▶ Entries shown
========================================

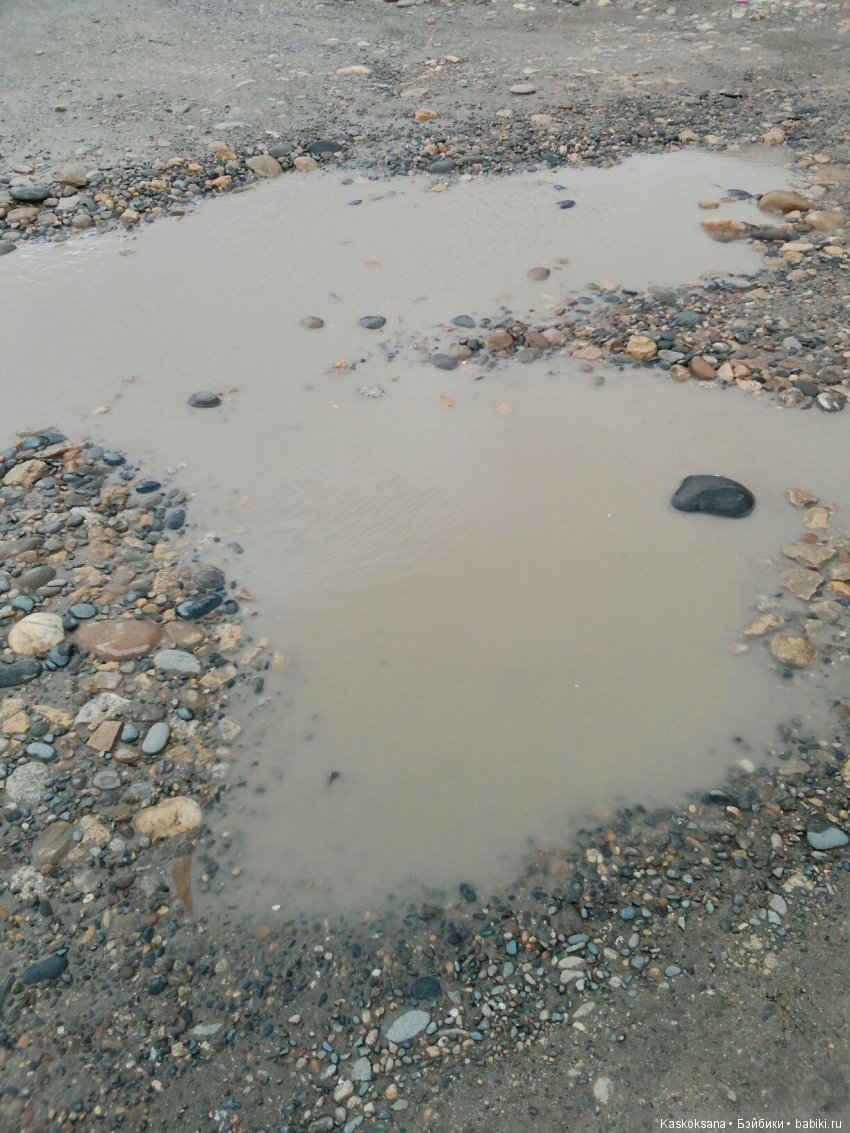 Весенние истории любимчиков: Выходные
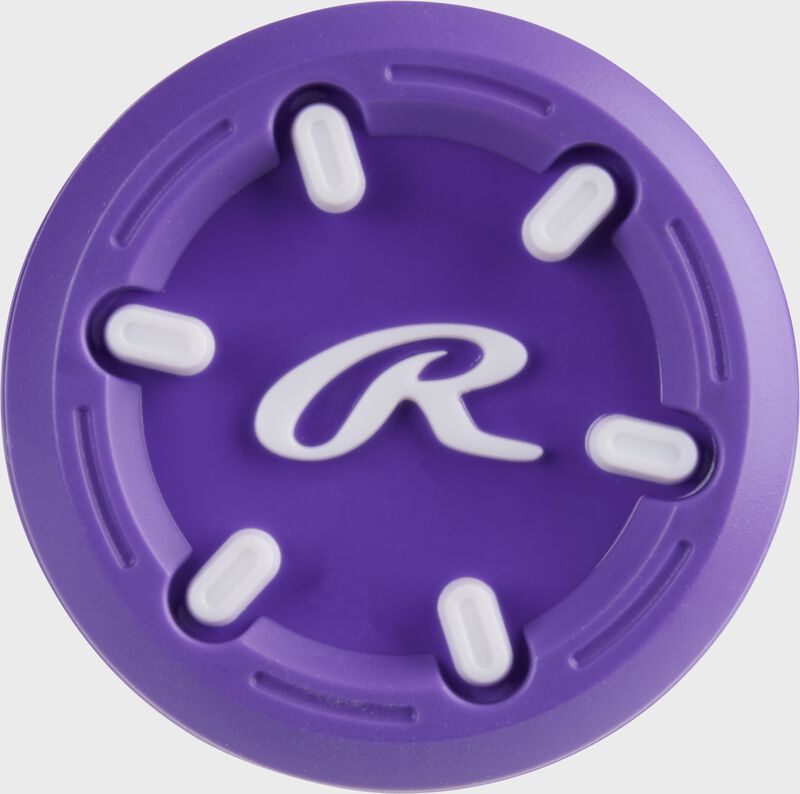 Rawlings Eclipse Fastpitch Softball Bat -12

========================================

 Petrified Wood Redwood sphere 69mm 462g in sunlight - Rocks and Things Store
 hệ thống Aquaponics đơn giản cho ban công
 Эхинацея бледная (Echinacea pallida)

========================================

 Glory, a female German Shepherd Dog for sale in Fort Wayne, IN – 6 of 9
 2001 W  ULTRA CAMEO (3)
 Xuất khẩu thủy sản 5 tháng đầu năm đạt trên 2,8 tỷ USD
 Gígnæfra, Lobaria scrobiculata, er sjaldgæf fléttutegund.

========================================

▶ What is required
Nothing but the lines above, starting at the line that contains "Весенние истории любимчиков: Выходные" and ending at the line that contains "Rawlings Eclipse Fastpitch Softball Bat -12", should be given again, exactly and without the pictures.

▶ Written response
 Весенние истории любимчиков: Выходные
 Rawlings Eclipse Fastpitch Softball Bat -12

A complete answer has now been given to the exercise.